WHAT YOU NEED TO DO
Give back the lines below verbatim, omitting all pictures.

***

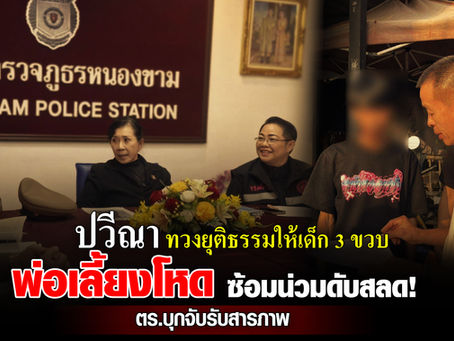 จ.ชลบุรี รวบพ่อเลี้ยงโหด ทำร้าย 3 ขวบดับ "ปวีณา" ประสาน ตร.อายัดศพทันที ส่งชันสูตรผลออกมาชี้ชัด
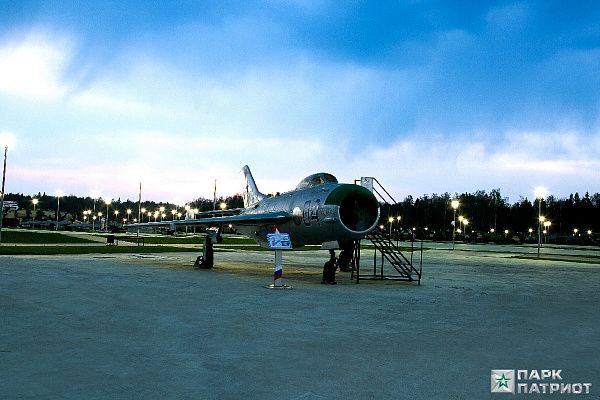 Парк «Патриот»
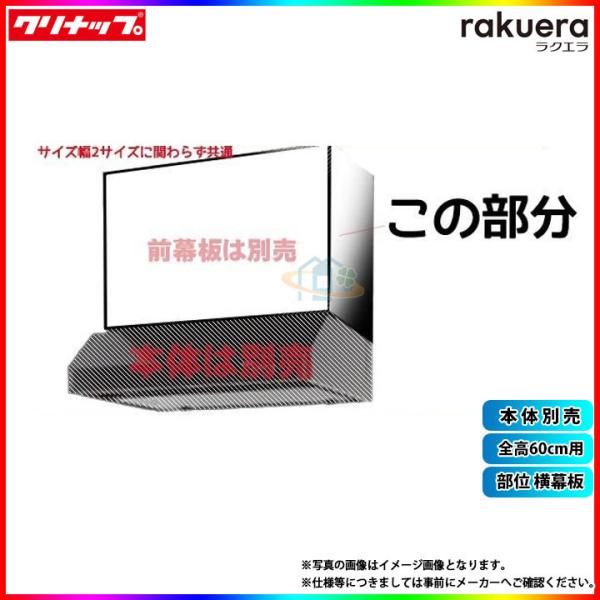 ★[R4S-HSE] クリナップ 平型レンジフード用横幕板 キッチン 台所用 換気扇 部材
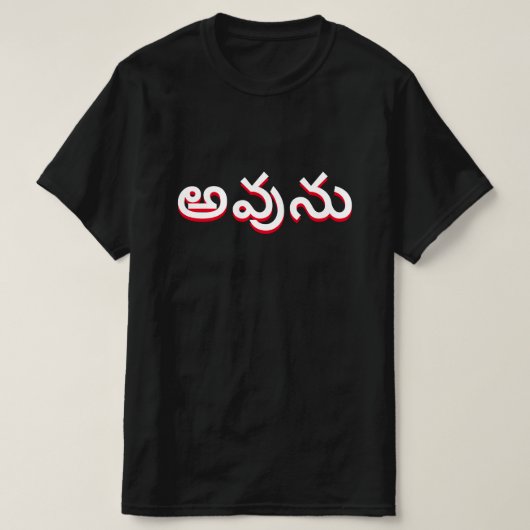 Ja in Telugu, అ వు ను T-shirt (Design voorkant)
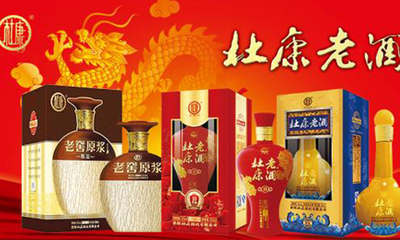 陜西杜康酒業集團 傳承千年酒脈，淬煉時代佳釀
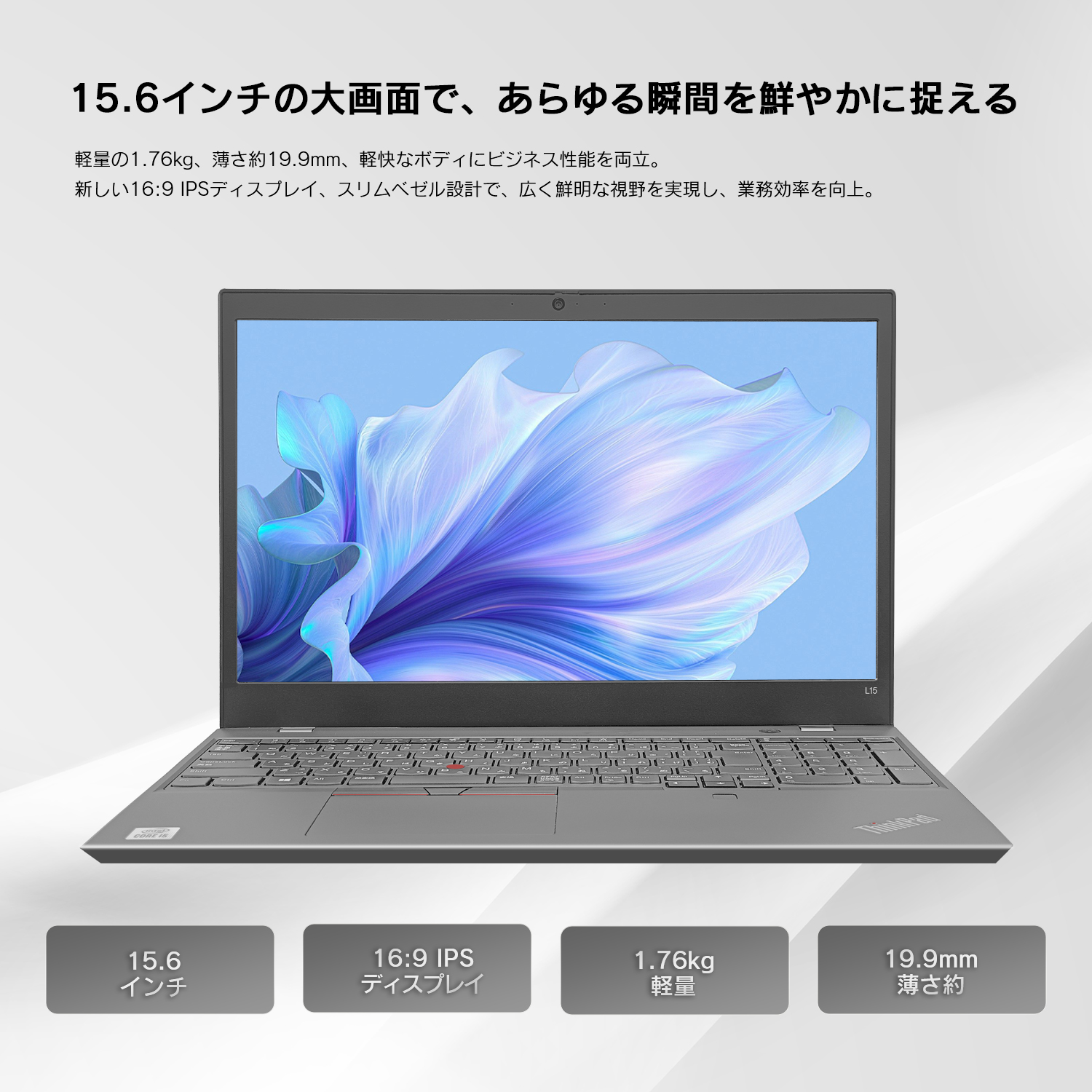 Lenovo（レノボ） 中古ノートパソコン Lenovo ThinkPad L15 Gen3 第12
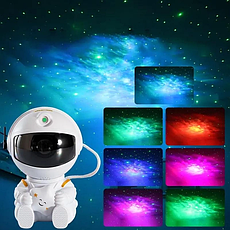 Лазерний нічник-проектор зоряного неба Астронавт 8 режимів свічення з пультом (маленький 12.5см) Білий, фото 2
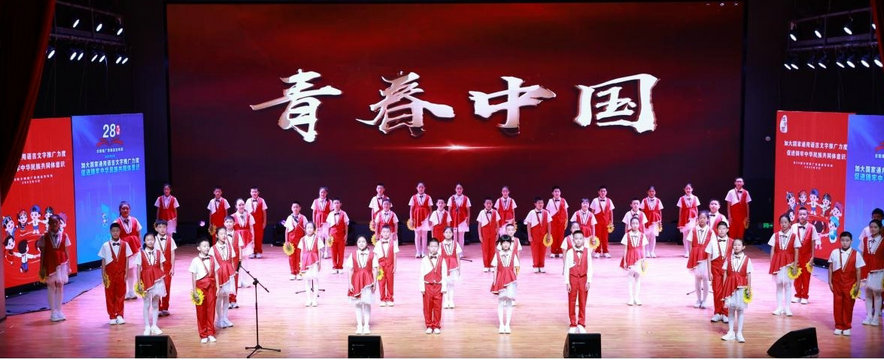 国通语2.jpg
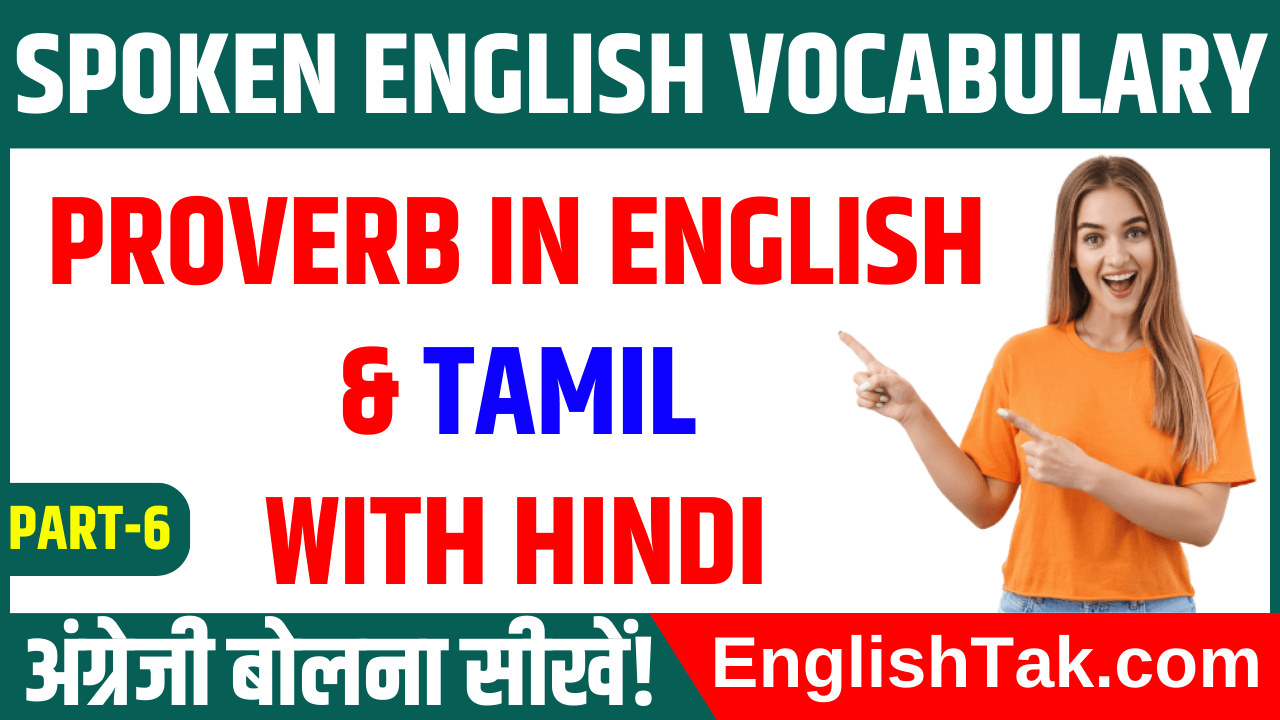 Proverb in English and Tamil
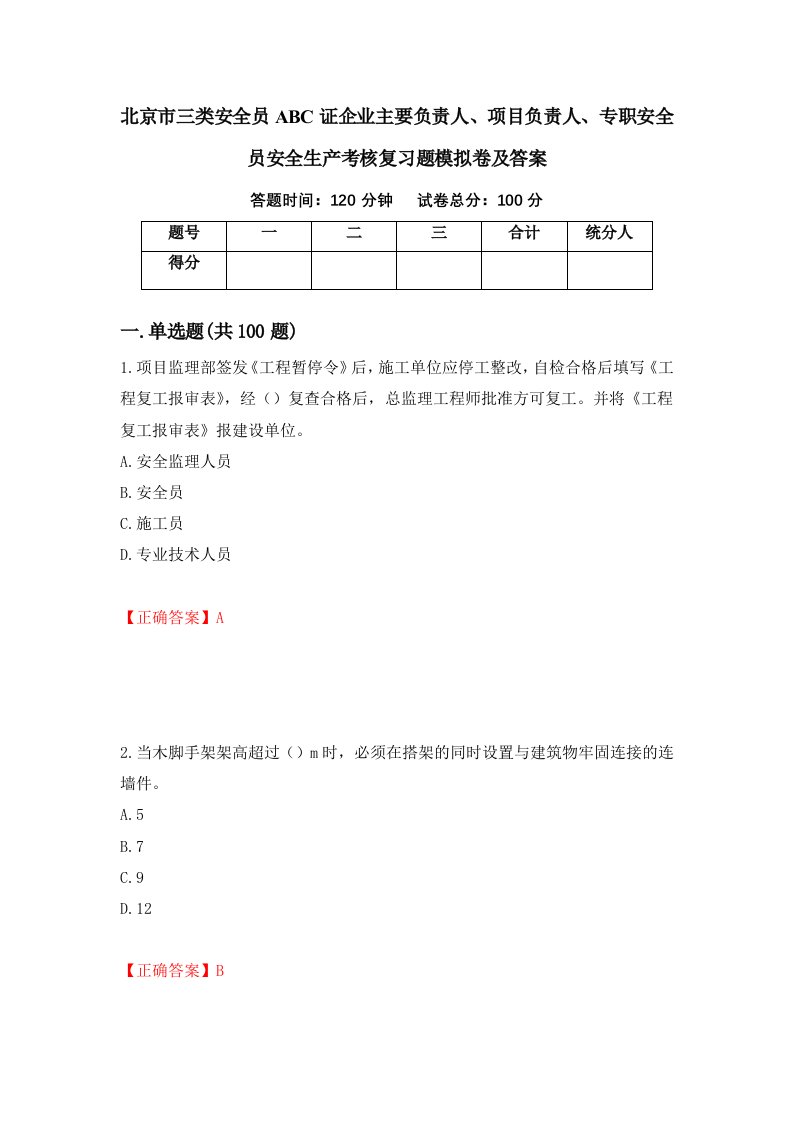 北京市三类安全员ABC证企业主要负责人项目负责人专职安全员安全生产考核复习题模拟卷及答案90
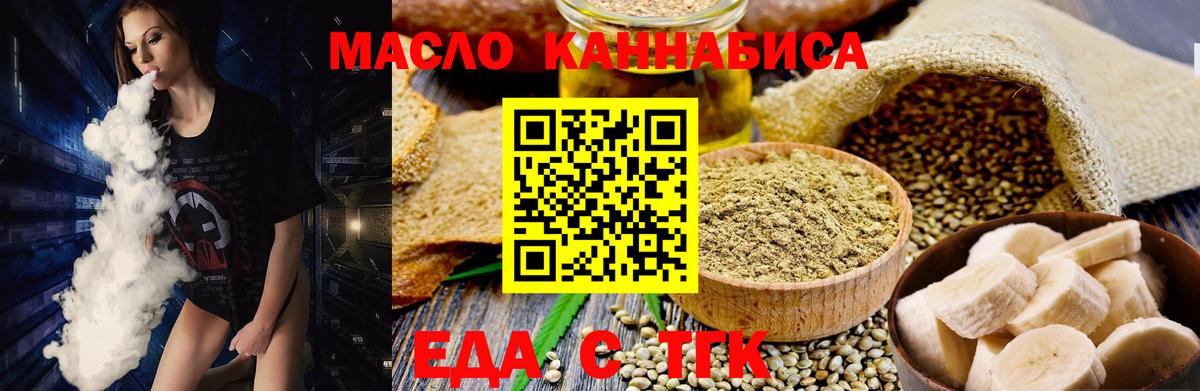 Печенье с ТГК конопля Серов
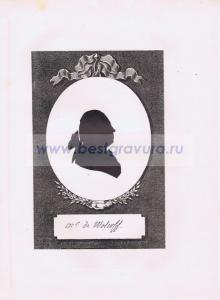 Фотография 0143.jpg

***

REPLY
 จ.ชลบุรี รวบพ่อเลี้ยงโหด ทำร้าย 3 ขวบดับ "ปวีณา" ประสาน ตร.อายัดศพทันที ส่งชันสูตรผลออกมาชี้ชัด
 Парк «Патриот»
 ★[R4S-HSE] クリナップ 平型レンジフード用横幕板 キッチン 台所用 換気扇 部材
 Ja in Telugu, అ వు ను T-shirt (Design voorkant)
 陜西杜康酒業集團 傳承千年酒脈，淬煉時代佳釀
 Lenovo（レノボ） 中古ノートパソコン Lenovo ThinkPad L15 Gen3 第12
 Лазерний нічник-проектор зоряного неба Астронавт 8 режимів свічення з пультом (маленький 12.5см) Білий, фото 2
 国通语2.jpg
 Proverb in English and Tamil
 北京市三类安全员ABC证企业主要负责人项目负责人专职安全员安全生产考核复习题模拟卷及答案90
 Печенье с ТГК конопля Серов
 Фотография 0143.jpg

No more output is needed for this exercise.